Famous Moments in Drunk Driving

With Mel Gibson’s arrest for drunken driving making headlines, I thought I would take this opportunity to point out a few highlights in the history of boozing and cruising. Although Mel apparently made a complete ass out of himself that night, his tequila-fueled outrage of drunkenness, speeding, anti-Semitism, and belligerency hardly ranks up there with some of the more infamous cocktails of man, machine, and alcohol. Please let me know if I’ve overlooked any truly epic cases.

To make this a little more interesting I’m going to enter this essay on my palm pilot as I drive. Let me just pull over at this convenience store for a six pack. That didn’t take long. The 16 oz. cans are a better deal—I got a twelve pack. Where was I?

3,500 B.C.- Beer was first made in Mesopotamia around 5,000 B.C. and the wheel was also invented there around 3,500 B.C. I’m guessing that within 24 hours after the invention of the wheel someone in Mesopotamia decided it would be a good idea to mix these two hallmarks of civilization, with disastrous consequences.

April 14, 1912- Captain Edward John Smith wrecks the Titanic with the subsequent loss of 1,516 passengers. I have no evidence that he was shit-faced but it happened at 11:40 p.m. You be the judge and jury. The ship had an excellent selection of tequila. When in 1985 a joint American-French expedition located the wreck using a video camera, they discovered a salt shaker and limes near the steering wheel.
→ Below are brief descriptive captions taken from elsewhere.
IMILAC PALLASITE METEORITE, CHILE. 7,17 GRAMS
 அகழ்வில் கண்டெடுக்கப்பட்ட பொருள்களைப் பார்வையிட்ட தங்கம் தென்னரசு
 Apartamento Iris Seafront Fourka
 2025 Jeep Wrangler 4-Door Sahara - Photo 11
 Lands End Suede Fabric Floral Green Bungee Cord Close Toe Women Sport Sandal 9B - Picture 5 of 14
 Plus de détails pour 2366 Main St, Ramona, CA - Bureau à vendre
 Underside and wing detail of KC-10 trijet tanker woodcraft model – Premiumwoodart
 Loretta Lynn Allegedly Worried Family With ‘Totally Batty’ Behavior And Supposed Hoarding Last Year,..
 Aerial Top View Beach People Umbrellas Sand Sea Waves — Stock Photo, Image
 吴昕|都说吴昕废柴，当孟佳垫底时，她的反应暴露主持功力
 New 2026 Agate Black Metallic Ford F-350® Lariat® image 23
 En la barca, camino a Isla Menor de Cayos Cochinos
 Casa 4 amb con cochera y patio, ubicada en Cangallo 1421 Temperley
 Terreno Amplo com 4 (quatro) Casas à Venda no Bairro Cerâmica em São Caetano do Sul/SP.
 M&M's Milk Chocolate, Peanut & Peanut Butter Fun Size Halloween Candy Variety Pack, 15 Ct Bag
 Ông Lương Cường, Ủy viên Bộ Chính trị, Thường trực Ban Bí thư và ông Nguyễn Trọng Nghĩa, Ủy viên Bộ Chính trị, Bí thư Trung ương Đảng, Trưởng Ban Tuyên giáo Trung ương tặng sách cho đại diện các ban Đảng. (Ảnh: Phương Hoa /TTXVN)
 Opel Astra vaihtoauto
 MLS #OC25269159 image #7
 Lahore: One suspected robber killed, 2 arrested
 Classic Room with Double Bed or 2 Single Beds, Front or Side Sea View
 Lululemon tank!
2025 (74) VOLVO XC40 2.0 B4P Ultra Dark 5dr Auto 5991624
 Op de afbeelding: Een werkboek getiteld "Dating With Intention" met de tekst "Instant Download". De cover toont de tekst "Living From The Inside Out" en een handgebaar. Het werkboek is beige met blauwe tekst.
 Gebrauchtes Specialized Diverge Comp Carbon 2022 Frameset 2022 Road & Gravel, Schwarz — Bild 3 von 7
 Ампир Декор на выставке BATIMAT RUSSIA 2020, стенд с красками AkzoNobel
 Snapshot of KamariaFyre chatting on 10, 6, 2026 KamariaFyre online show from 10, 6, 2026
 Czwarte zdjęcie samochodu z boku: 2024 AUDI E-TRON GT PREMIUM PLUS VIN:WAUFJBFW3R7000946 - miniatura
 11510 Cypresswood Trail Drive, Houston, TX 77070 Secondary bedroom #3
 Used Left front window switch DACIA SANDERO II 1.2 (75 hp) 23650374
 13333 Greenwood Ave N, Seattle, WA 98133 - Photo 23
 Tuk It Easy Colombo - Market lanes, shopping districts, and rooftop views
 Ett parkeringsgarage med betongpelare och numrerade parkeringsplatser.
May 6, 1937- The Hindenburg Airship explodes in a fireball over New Jersey. Radio reporter Herbert Morrison’s cry of, “Oh the humanity!” makes more sense when you learn that the pilot of the Hindenburg was partial to a flaming shot called The Humanity (equals part Bacardi 151 rum, Goldschlager, and Rumpleminz set ablaze). History shouldn’t be so hard on the captain. Have you ever tried to parallel park a zeppelin?

I’m making good time, even in this traffic. I’m on my fourth beer and I’m only about 4 miles from home.

September 30, 1955- James Dean hits a tree in the middle of nowhere while driving his roadster. Police investigators theorize that he was just trying to pull over to take a leak behind the one tree on Highway 46.

1980-2006- This represents Robert Downey Jr.’s entire driving career to the present. When he first registered for driver’s education as a sophomore his blood/alcohol was found to be more than twice the legal limit. He never looked back. His custom-made Maserati Quattroporte has a martini holder in the driver’s console.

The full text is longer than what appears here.